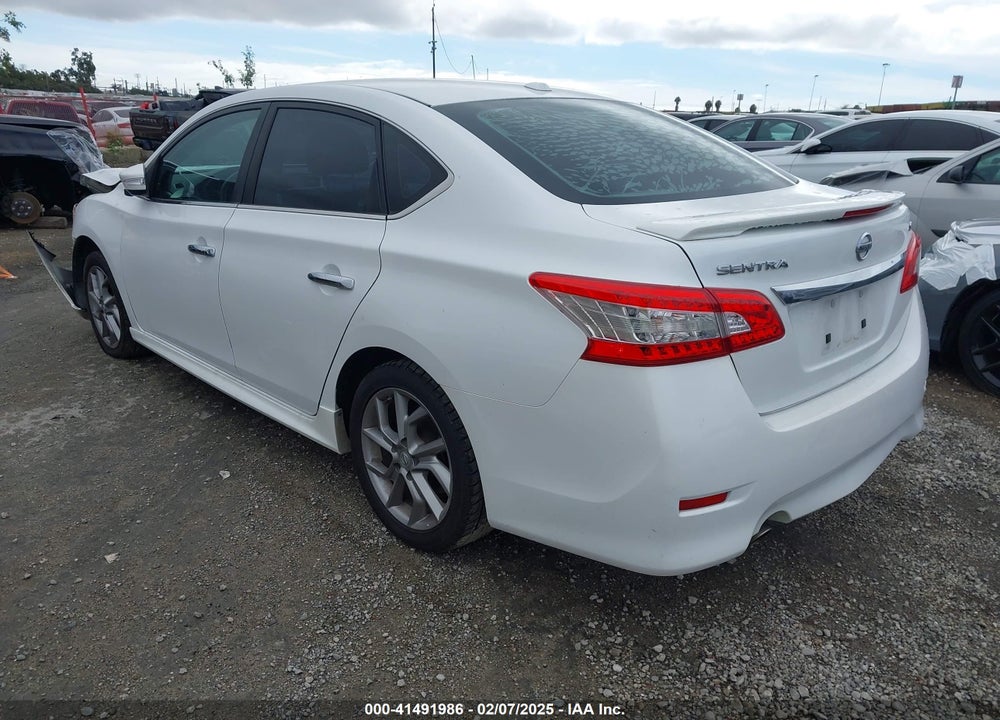 2015 NISSAN SENTRA VIN: 3N1AB7AP3FY300653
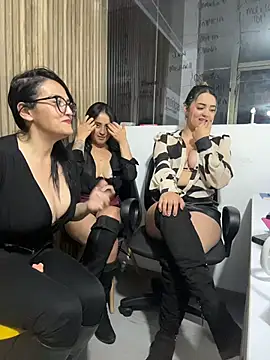 Antonella_Julieta – Kamerová šou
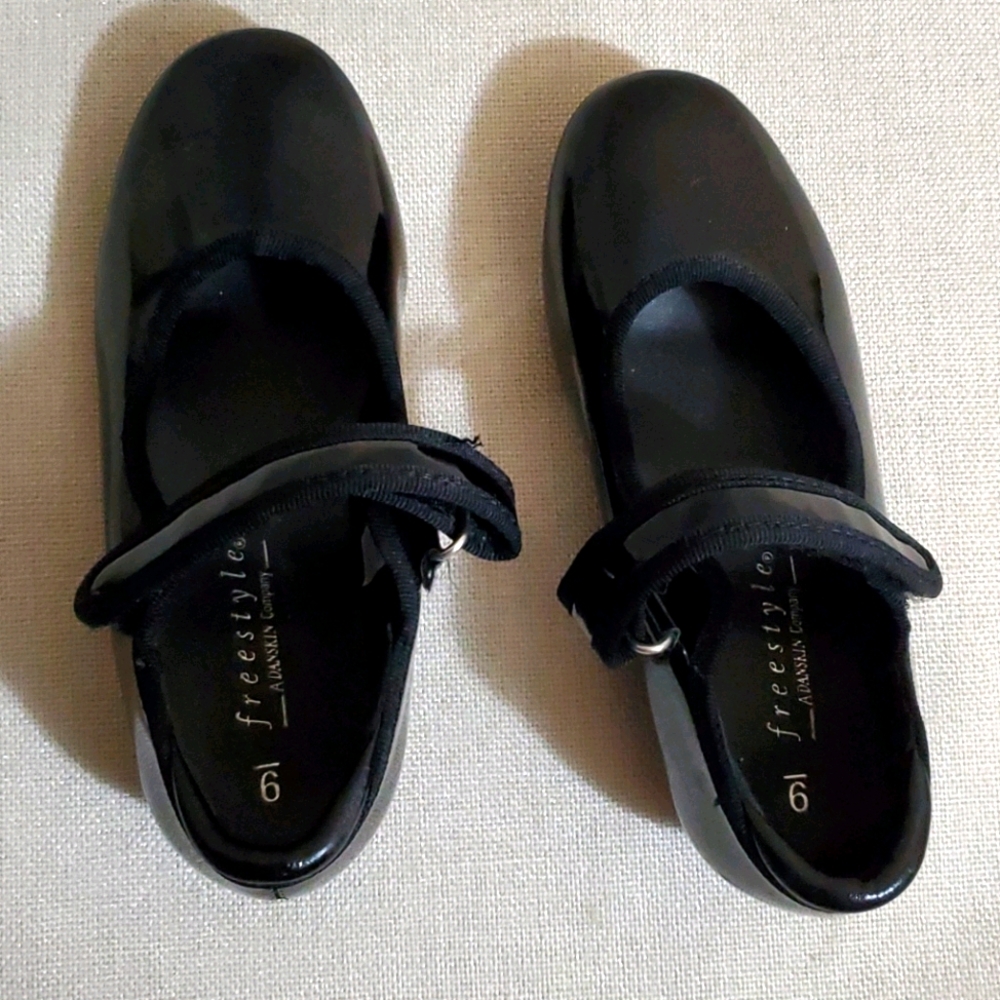 Freestyle by Danskin Girls' Tap Shoes 9 Black A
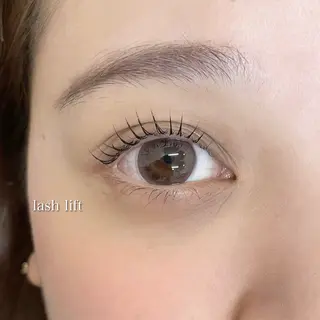 マツエク・マツパ WHITE EYE honoka🌙の眉毛・アイブロウイメージ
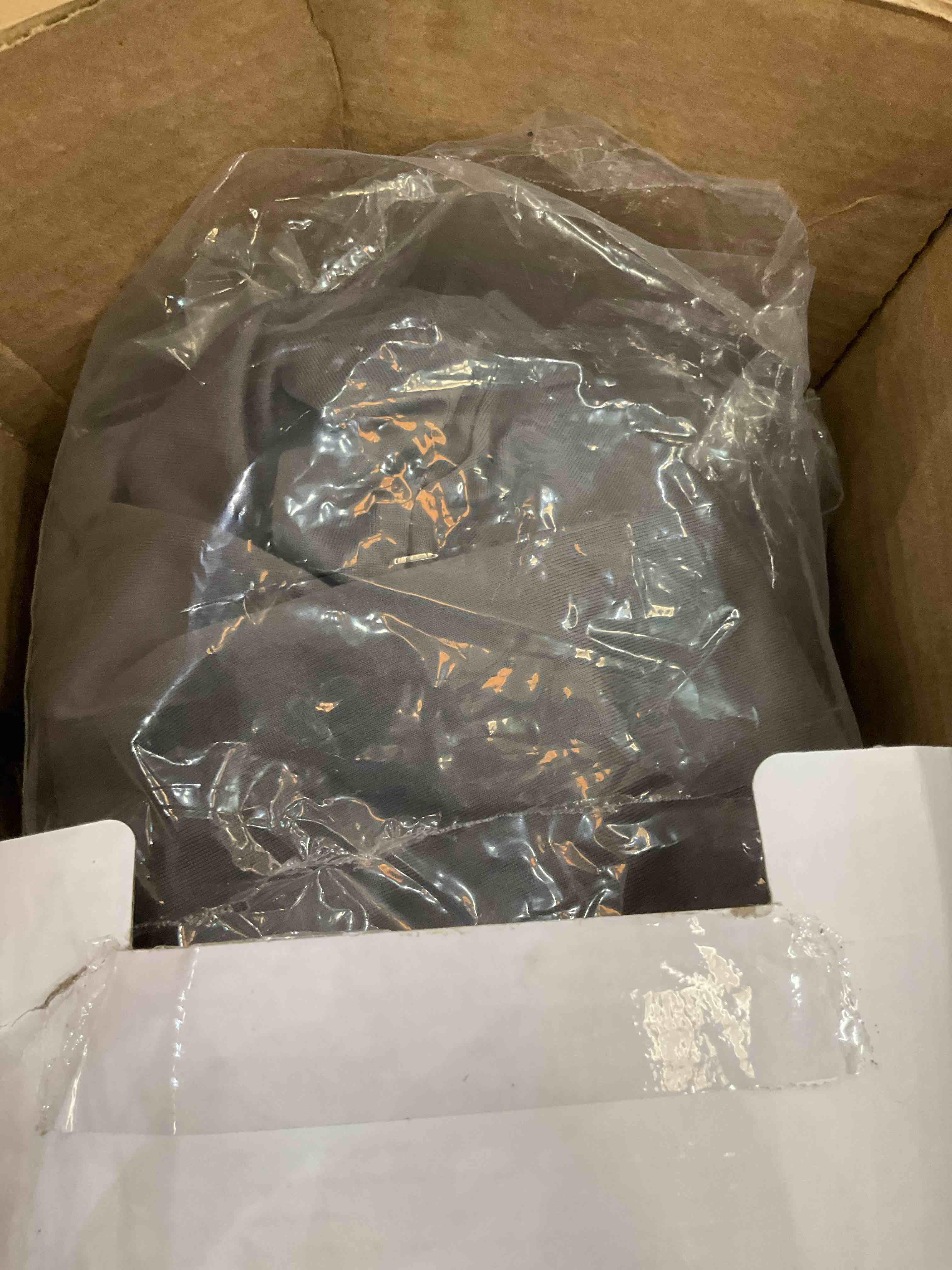 https://s3.amazonaws.com/lotting-images-prod/BargainHunt/EXS01408128_1722538312534.jpeg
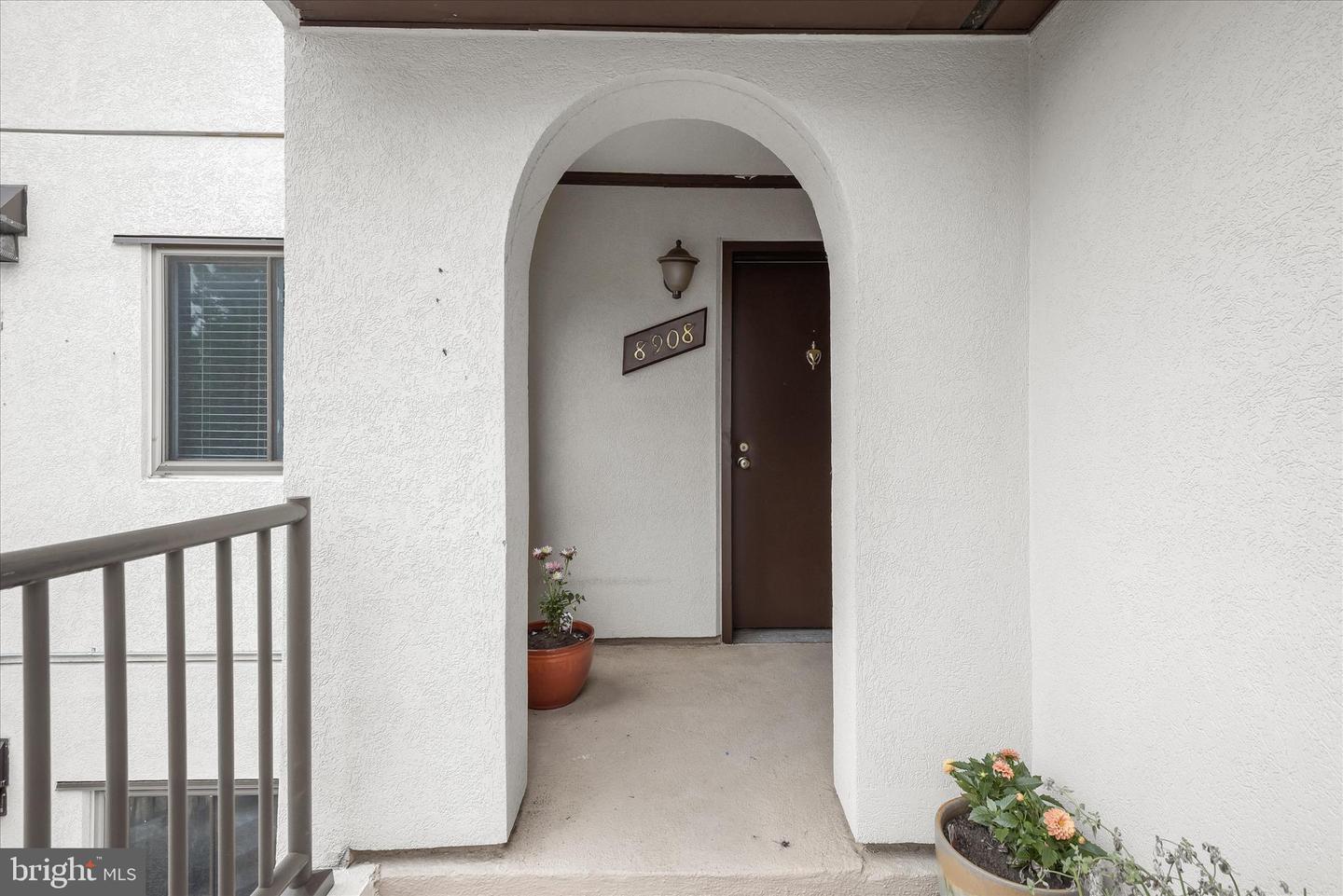 8908 Battery Pl #5 Property Photo 5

:::

_Problem requirements_
Reproduce, word for word, the lines from the one containing "Freestyle by Danskin" to the end of the material, both ends included. No picture is copied.

_Task output_
 Freestyle by Danskin Girls' Tap Shoes 9 Black A
 マツエク・マツパ WHITE EYE honoka🌙の眉毛・アイブロウイメージ
 https://s3.amazonaws.com/lotting-images-prod/BargainHunt/EXS01408128_1722538312534.jpeg
 8908 Battery Pl #5 Property Photo 5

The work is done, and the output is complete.